I set my beers out on the porch when it's frosty out, they are colder than in the fridge...but in your case, I'd have to put them in a cooler to keep them from freezing. 

My mother in law has her freezer and dryer on an open back porch. But we're in TN, where a day of zero is about as cold as it ever gets. Hasnlt been lower than 20 overnight this year. Her freezer is from like 1958, been there since new, so it works here.

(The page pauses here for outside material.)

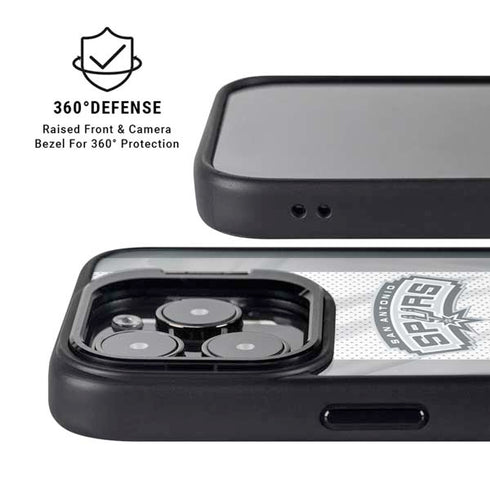 NBA San Antonio Spurs iPhone 15 Pro Kickstand Case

I'd think the biggest worry would not be refrigerant freezing but rather the oil in the compressor and lines getting so stiff it would pop the breaker rather than start.


----------



## John Schneider

When we are processing chickens in Oct. we have several hundred that need storing for a few days to a week while our customers come to pick them up. Just wondering if it hurts anything to have them outside for the remainder of the time even if they aren't running. Thanks for all your responses.


----------



## GREENCOUNTYPETE

they leave soda machines out year round you will likely not even need to turn it off 
it will not likely run it temp is 10 or below 
as for soda machines many runn a small electric heater 

i have heard of putting a 100 wat light bulb in the fridge durring the winter to keep from freezing the beer.

but a freezer is no problem if the contence is colder than the 15 they normaly freeze to


----------



## Lisa in WA

We have 2 electric freezers and a propane freezer in an unheated shed and it's gone down to minus 20 with no problems at all. This is the 4th year they've been out there.


----------



## Runners

People are telling you the truth about compressor problems, a typical freezer is designed to be run in a heated space. The design, compressor sizing, evaporator, condenser, cap tube & refrigerant charge are ALL based on operating temperatures inside a house - not the great outdoors.

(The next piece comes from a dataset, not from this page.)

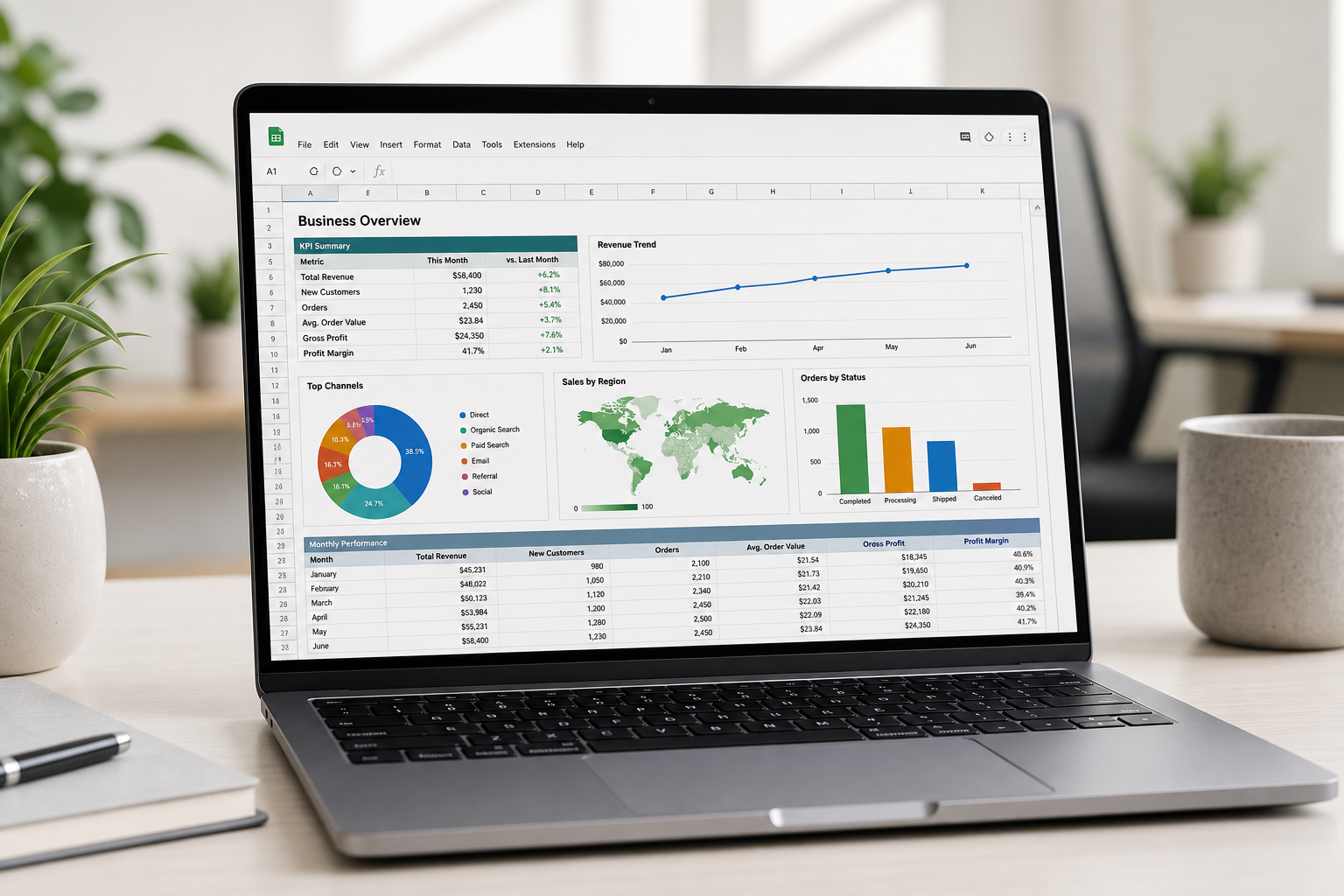 Outils Google Sheets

Those soda machines also come with oversized compressors, and sump heaters (a little metal strap about the bottom of the compressor to keep it warm).

But...

Your problem can be solved by adding something similar, heat trace..., around the compressor can.... which would use energy... 
The extra energy the unheated compressor labors under to move the thicker oil & squeeze it though the cap tube, verses the heater element - probably a wash.


_Now, if saving energy is the idea, at all costs,_ you could relocate the condenser in a colder environment (like water, a cool stream, etc.), or replace it with a reverse flow water cooled condenser with the water flow controlled by head pressure (higher the head pressure, the more water flows).
Yup, I'm serious, because both me and my father-in-law have converted residential AC units to water cooled condensers, using the heated water for preheating domestic hot water.

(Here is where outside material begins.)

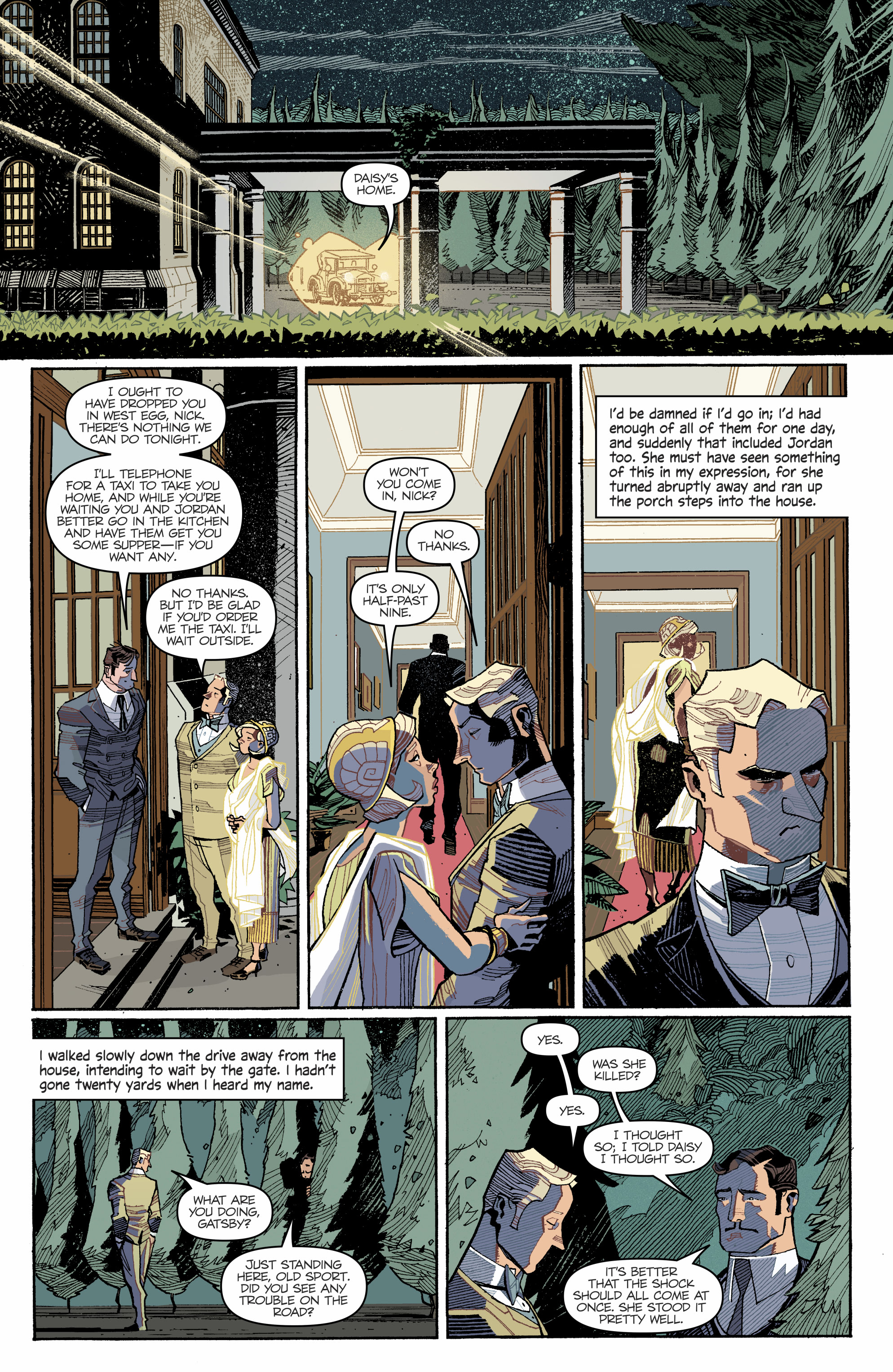 Read online The Great Gatsby comic -  Issue #6 - 11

It was actually pretty neat, no matter how HOT it was outside, we had the *coolest* abodes in town. One neighbor of ours had his "excess heated water" set up to run through his sprinkler system. He had the fastest growing, greenest lawn for miles!

Not rocket science at all, but some municipalities have outlawed these chillers... probably because someone thought the water would be 'wasted'. But, they do use a heck of a lot less electrical energy... and with an different expansion valve, a little unit can preform like a big one.

In short, unless you're ready to redesign the freezer, convert a few parts, possibly evacuate the system & recharge - etc., just unplug it outside when it's cold, or put a thermostat on it to keep it from running when the temp gets below 40f. Or, find an old junker that's half worn out... and have at it.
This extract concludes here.